▶ [AVAILABLE RECORDS]:
--

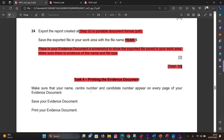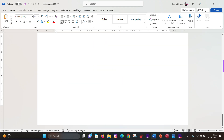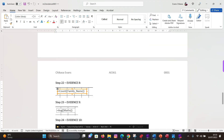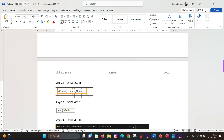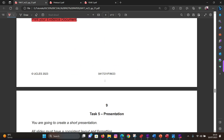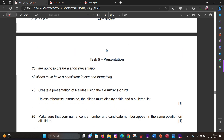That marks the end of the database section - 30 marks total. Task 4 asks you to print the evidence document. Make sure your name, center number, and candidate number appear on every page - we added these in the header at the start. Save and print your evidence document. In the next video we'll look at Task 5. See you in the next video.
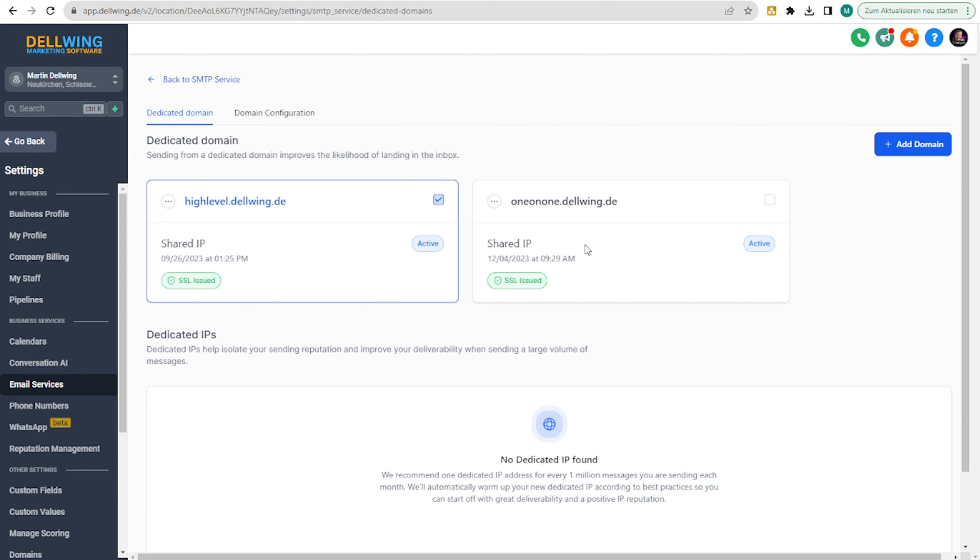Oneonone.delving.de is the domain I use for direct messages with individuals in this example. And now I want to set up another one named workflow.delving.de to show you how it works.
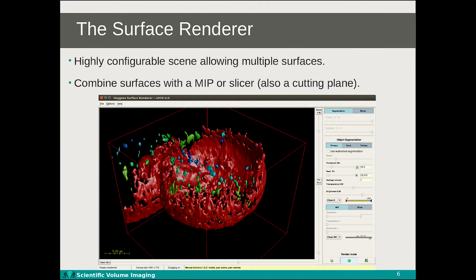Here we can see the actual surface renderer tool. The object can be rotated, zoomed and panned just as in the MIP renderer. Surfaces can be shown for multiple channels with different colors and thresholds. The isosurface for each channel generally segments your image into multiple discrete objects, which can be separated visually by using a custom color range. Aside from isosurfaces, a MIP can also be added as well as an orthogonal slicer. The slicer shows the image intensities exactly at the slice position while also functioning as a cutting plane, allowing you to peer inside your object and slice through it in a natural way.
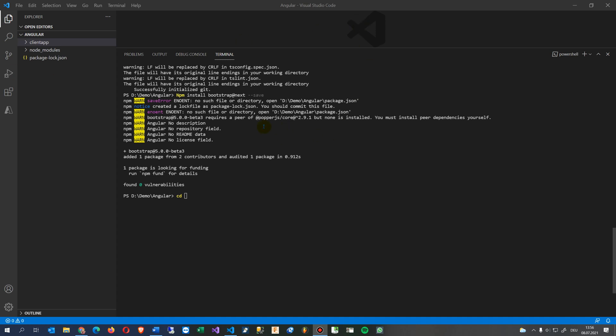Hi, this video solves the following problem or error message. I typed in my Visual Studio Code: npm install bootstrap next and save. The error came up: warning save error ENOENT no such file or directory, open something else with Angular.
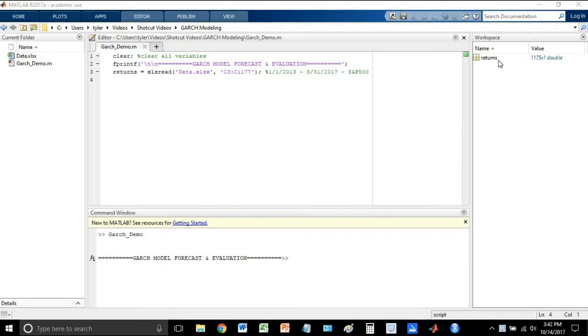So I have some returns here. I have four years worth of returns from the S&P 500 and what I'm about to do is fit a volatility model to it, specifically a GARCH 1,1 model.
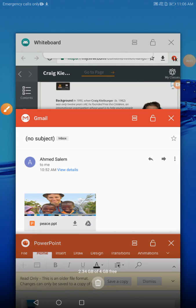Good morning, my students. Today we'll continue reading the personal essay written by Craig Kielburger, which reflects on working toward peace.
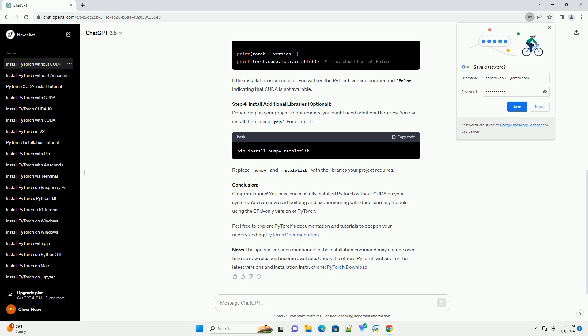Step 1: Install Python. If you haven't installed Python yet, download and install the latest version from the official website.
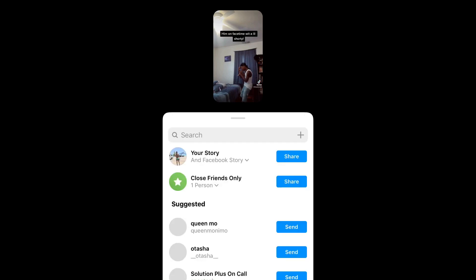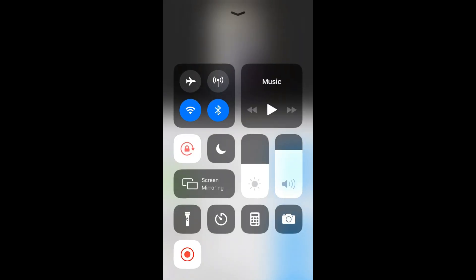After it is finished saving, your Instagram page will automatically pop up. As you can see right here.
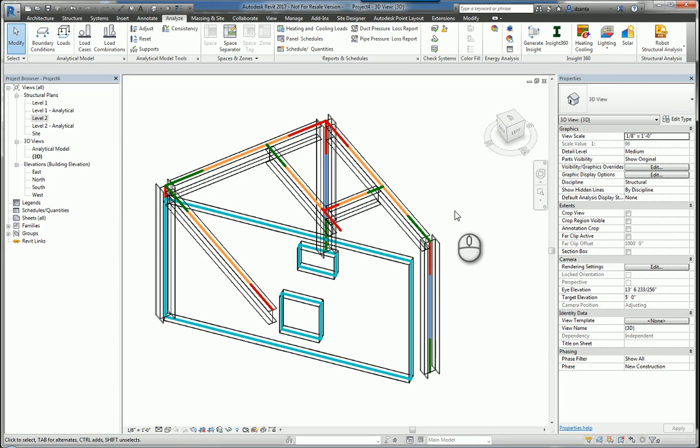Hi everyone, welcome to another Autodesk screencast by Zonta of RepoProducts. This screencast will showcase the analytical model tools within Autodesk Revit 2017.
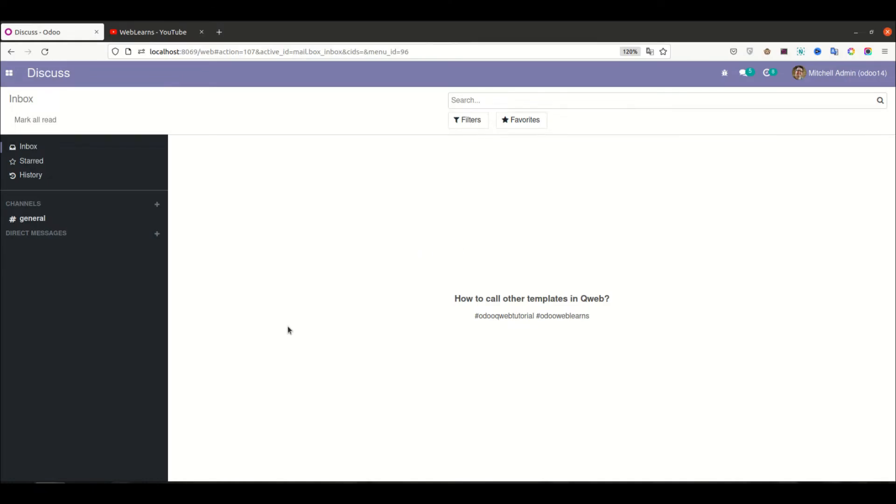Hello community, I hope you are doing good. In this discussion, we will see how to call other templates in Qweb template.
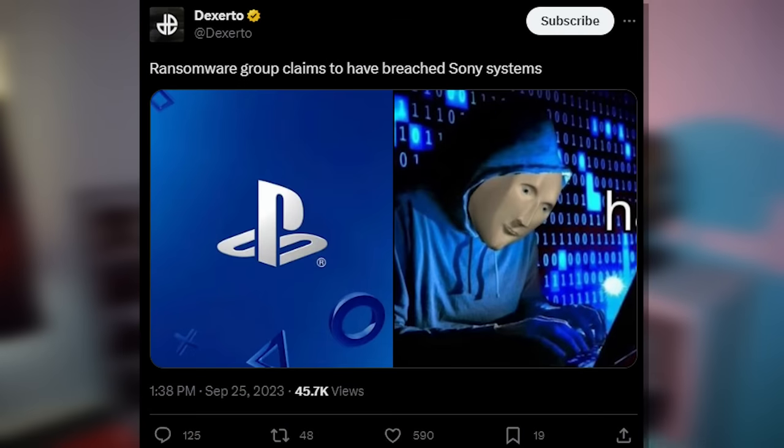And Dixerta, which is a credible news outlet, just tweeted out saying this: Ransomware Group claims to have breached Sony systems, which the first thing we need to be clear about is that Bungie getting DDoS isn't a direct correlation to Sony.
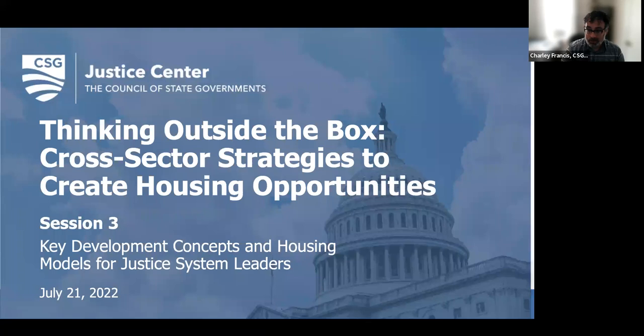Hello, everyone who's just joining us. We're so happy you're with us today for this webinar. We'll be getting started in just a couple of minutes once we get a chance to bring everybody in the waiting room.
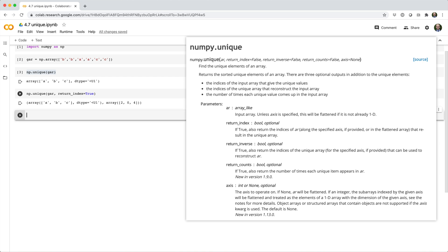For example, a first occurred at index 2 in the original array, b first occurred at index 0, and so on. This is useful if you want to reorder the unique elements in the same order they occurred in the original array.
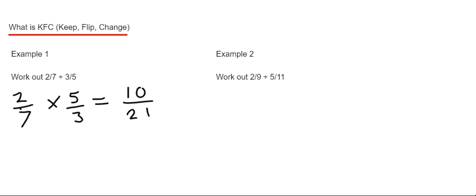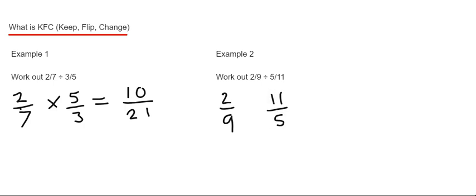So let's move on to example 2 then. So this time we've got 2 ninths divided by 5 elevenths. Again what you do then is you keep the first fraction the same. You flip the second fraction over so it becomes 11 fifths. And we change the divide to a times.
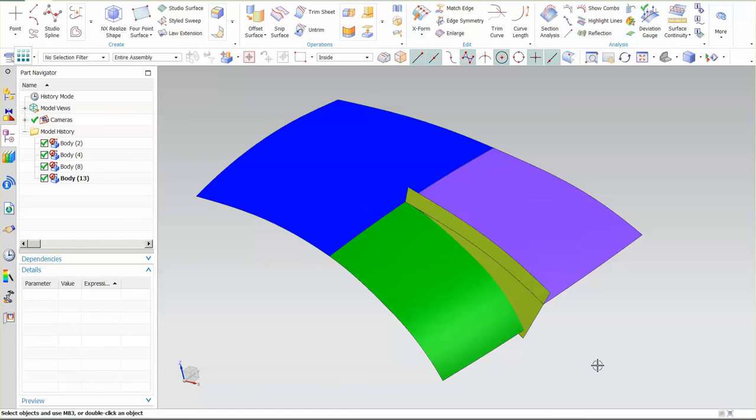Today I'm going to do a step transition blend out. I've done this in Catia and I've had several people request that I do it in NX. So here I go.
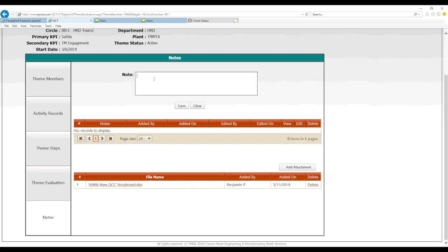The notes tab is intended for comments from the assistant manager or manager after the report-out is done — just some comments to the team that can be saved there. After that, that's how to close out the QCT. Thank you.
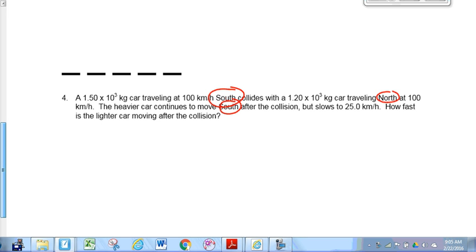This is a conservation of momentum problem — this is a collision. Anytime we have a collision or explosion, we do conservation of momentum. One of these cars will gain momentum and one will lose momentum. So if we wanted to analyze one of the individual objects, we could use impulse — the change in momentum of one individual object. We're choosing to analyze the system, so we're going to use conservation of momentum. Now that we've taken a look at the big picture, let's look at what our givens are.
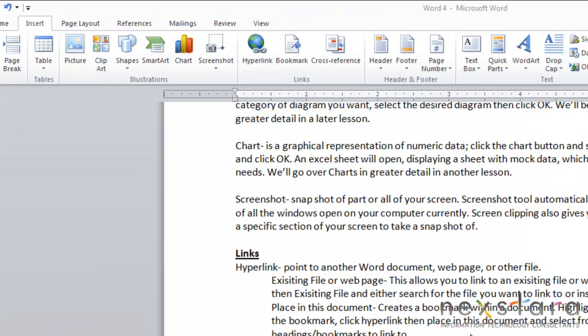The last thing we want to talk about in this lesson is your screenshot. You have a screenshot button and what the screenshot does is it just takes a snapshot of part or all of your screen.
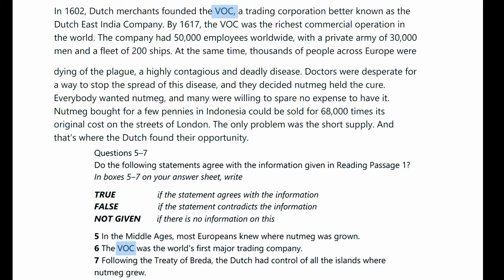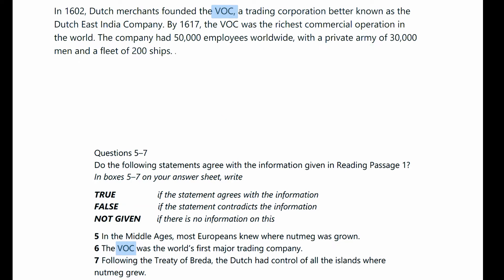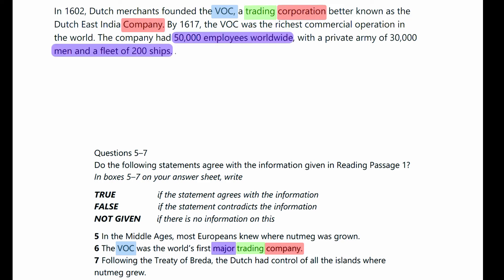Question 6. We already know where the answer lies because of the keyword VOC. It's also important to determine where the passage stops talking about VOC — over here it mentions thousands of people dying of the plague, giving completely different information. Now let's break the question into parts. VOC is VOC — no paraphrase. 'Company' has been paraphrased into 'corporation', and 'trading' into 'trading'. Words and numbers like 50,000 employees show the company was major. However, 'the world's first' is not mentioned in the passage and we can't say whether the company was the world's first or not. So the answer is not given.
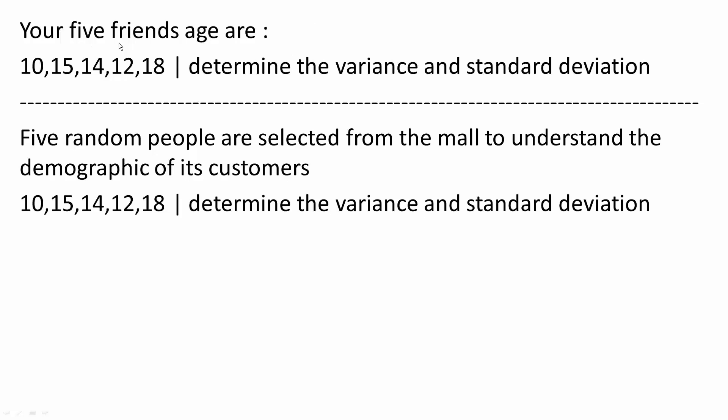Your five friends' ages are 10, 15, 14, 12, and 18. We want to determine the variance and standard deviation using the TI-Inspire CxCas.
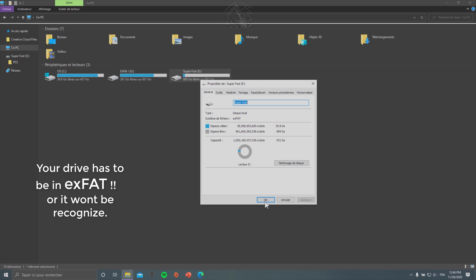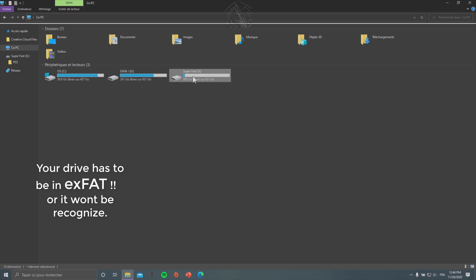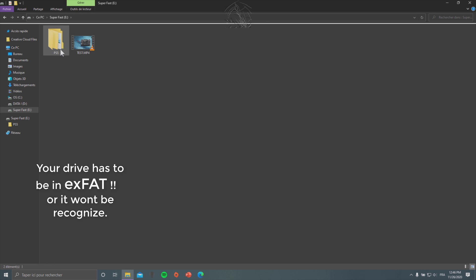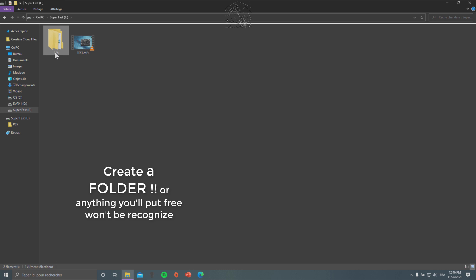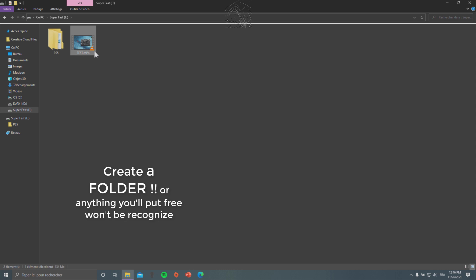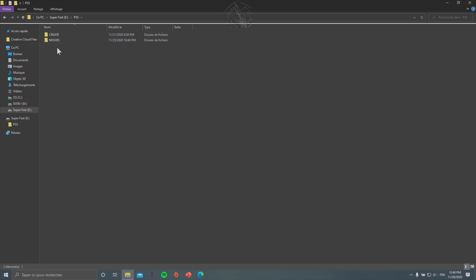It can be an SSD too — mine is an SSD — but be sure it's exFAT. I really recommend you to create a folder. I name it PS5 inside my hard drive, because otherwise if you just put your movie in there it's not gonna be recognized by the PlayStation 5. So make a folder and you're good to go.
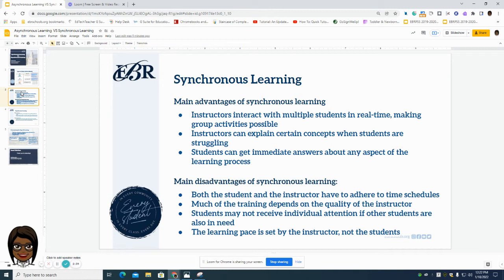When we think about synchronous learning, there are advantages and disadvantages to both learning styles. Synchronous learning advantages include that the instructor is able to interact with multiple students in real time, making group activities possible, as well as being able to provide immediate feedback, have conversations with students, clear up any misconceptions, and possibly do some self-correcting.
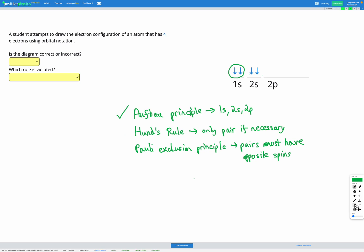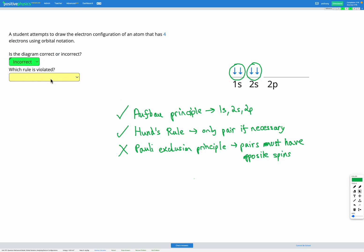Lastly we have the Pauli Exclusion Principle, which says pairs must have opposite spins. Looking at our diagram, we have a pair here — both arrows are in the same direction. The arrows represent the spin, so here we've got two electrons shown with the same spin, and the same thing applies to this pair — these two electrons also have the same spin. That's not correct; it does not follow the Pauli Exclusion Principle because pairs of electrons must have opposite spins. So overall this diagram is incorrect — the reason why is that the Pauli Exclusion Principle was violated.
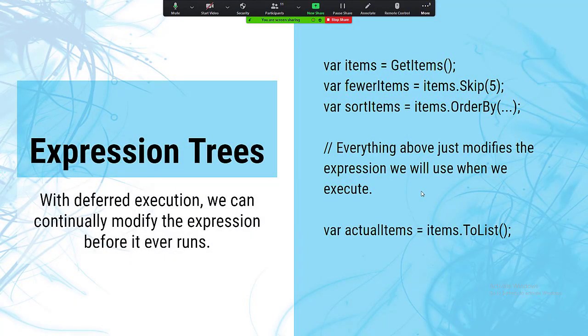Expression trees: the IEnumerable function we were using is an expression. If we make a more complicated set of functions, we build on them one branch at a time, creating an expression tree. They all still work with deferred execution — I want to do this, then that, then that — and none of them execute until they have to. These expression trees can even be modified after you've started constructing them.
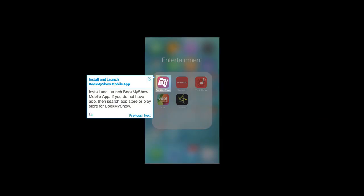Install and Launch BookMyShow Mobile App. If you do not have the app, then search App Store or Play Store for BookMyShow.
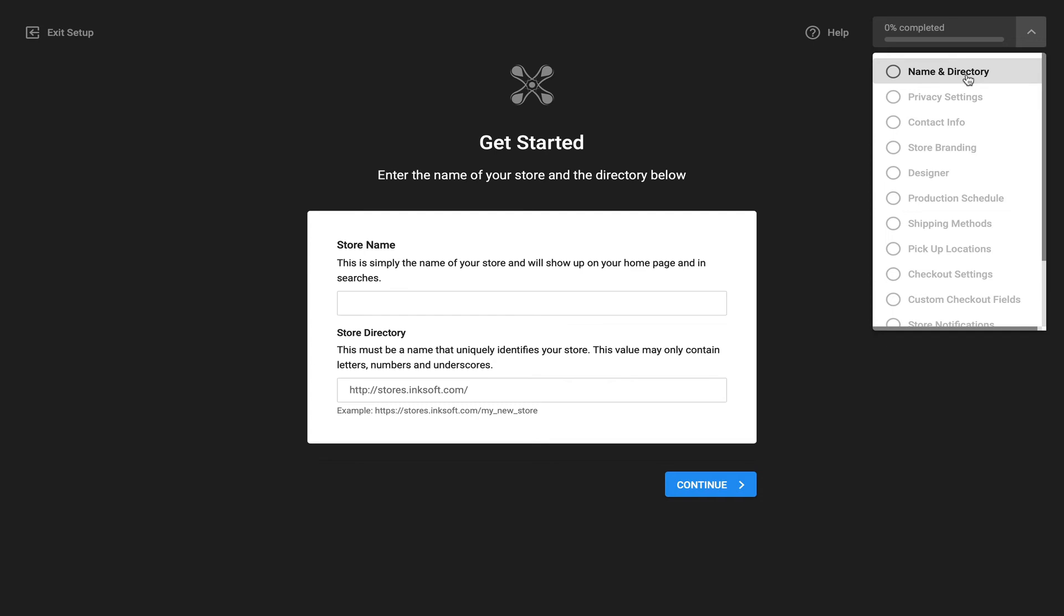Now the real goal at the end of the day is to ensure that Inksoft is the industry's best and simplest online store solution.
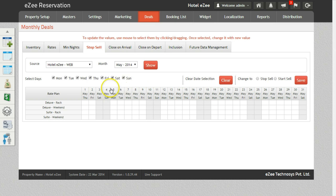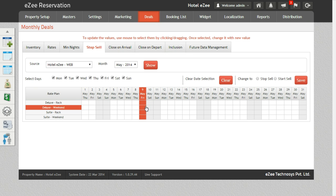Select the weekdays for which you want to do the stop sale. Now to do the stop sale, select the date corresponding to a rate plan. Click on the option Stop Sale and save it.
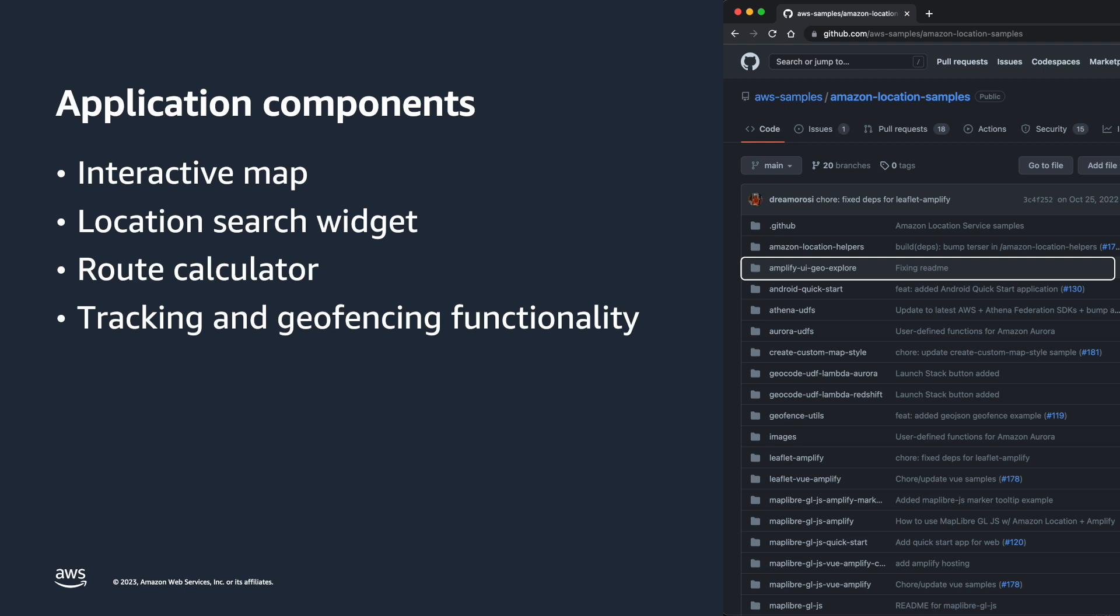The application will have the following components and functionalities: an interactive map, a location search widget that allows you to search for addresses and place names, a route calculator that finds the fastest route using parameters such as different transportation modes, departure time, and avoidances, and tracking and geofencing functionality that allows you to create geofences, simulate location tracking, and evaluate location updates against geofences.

--

▶ [WHAT THE TASK REQUIRES]: Reproduce, exactly and only, the lines of the records above starting at the line with "When we think" and ending at the line with "Select the weekdays", both included. Leave every picture out.

▶ [SOLUTION]:
When we think about synchronous learning, there are advantages and disadvantages to both learning styles. Synchronous learning advantages include that the instructor is able to interact with multiple students in real time, making group activities possible, as well as being able to provide immediate feedback, have conversations with students, clear up any misconceptions, and possibly do some self-correcting.
Lastly we have the Pauli Exclusion Principle, which says pairs must have opposite spins. Looking at our diagram, we have a pair here — both arrows are in the same direction. The arrows represent the spin, so here we've got two electrons shown with the same spin, and the same thing applies to this pair — these two electrons also have the same spin. That's not correct; it does not follow the Pauli Exclusion Principle because pairs of electrons must have opposite spins. So overall this diagram is incorrect — the reason why is that the Pauli Exclusion Principle was violated.
Expression trees: the IEnumerable function we were using is an expression. If we make a more complicated set of functions, we build on them one branch at a time, creating an expression tree. They all still work with deferred execution — I want to do this, then that, then that — and none of them execute until they have to. These expression trees can even be modified after you've started constructing them.
Install and Launch BookMyShow Mobile App. If you do not have the app, then search App Store or Play Store for BookMyShow.
Now the real goal at the end of the day is to ensure that Inksoft is the industry's best and simplest online store solution.
Select the weekdays for which you want to do the stop sale. Now to do the stop sale, select the date corresponding to a rate plan. Click on the option Stop Sale and save it.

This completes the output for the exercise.